The Accuracy Number That Doesn’t Tell You What You Think
Every risk adjustment vendor reports an AI accuracy rate. “95% coding accuracy.” “92% NLP precision.” “98% diagnosis identification rate.” These numbers appear in sales presentations, RFP responses, and marketing materials. They sound impressive. They’re also misleading in a way that matters for audit outcomes.
Most reported accuracy rates measure whether the AI correctly identified a diagnosis that exists in the clinical note. That’s pattern recognition: the system found the word “diabetes” or “CKD Stage 3” in the text. It’s a necessary capability. It’s also the easy part. The question that determines audit defensibility isn’t whether the AI found the diagnosis. It’s whether the documentation behind that diagnosis meets the evidentiary standard CMS applies during RADV review.
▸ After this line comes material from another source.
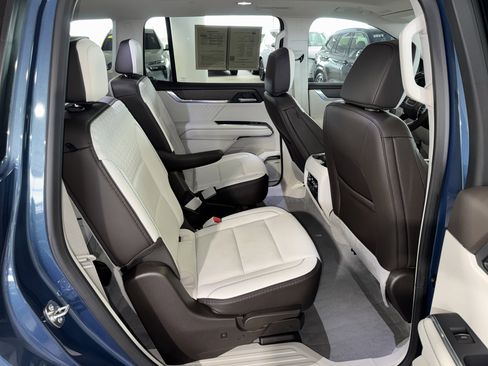Used 2025 GMC Acadia Denali w/ Super Cruise Package FWD image 12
A system that finds diabetes in a note with 95% accuracy but doesn’t evaluate whether the note contains evidence of active monitoring, treatment adjustments, or clinical assessment is 95% accurate at the wrong task. The OIG’s March 2026 audits didn’t fail because diagnoses weren’t in the charts. They failed because the documentation didn’t prove active management. Every one of those failed codes was “accurately” identified in the record. None of them were adequately validated.
The Metric That Actually Predicts Audit Outcomes
The metric that matters is defensibility rate: what percentage of the system’s recommended codes survive MEAT validation scrutiny? This measures not just whether the AI found a diagnosis but whether the documentation supporting that diagnosis meets the standard auditors apply.
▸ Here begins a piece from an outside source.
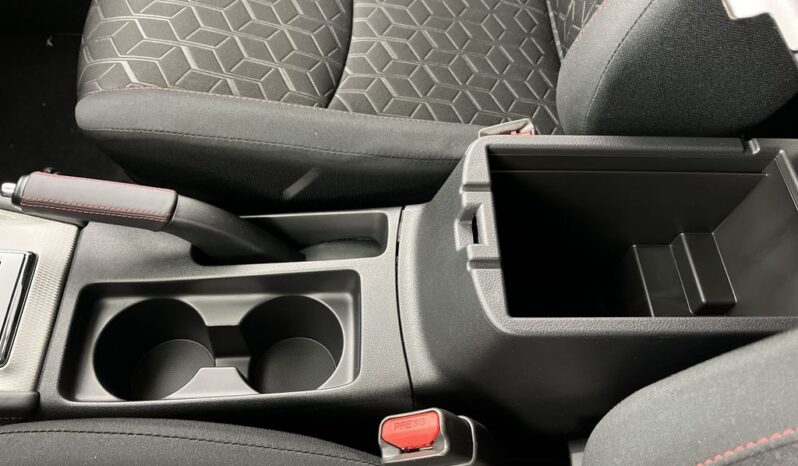 
 Mitsubishi Outlander Sport full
A system with 95% identification accuracy but 70% defensibility rate produces a large volume of codes that look correct but can’t be defended. 30% of its recommendations will fail under audit scrutiny. At scale, that 30% represents thousands of codes that enter the plan’s submissions as liabilities rather than assets.
A system with 90% identification accuracy and 92% defensibility rate produces fewer total recommendations but a higher percentage of defensible ones. The plan submits fewer codes, but more of them hold up. The net financial position, revenue retained after audits, favors the second system even though its “accuracy” headline number is lower.
Plans should ask vendors for defensibility rates, not just accuracy rates. If the vendor can’t produce this metric, the system doesn’t measure what matters. If the vendor reports accuracy without defensibility, the number describes the AI’s ability to read charts, not its ability to produce audit-ready output.
What Defensibility-Centered Metrics Look Like
A system designed for defensibility reports four metrics rather than one. Identification accuracy (did the AI find the diagnosis in the note). MEAT completeness rate (of the diagnoses found, what percentage have all required MEAT elements present in the documentation). Defensibility score distribution (across all recommended codes, the spread from strong to weak evidence). And false confidence rate (codes the AI recommended with high confidence that fail MEAT validation), which reveals where the system overestimates documentation quality.
The false confidence rate is particularly revealing. A system that frequently recommends codes with high confidence scores that subsequently fail validation has a calibration problem. It’s telling coders that documentation is strong when it isn’t, which accelerates the submission of indefensible codes.
Buying on the Right Number
Plans evaluating risk adjustment software should deprioritize headline accuracy rates and focus on defensibility metrics. Ask for MEAT completeness rates. Ask for false confidence rates. Ask the vendor to run their system against a sample of your charts and report not just how many codes it found but how many it would recommend for submission after full evidence validation. The gap between “found” and “defensible” is the gap that determines your audit exposure, and it’s the gap most accuracy metrics are designed to hide.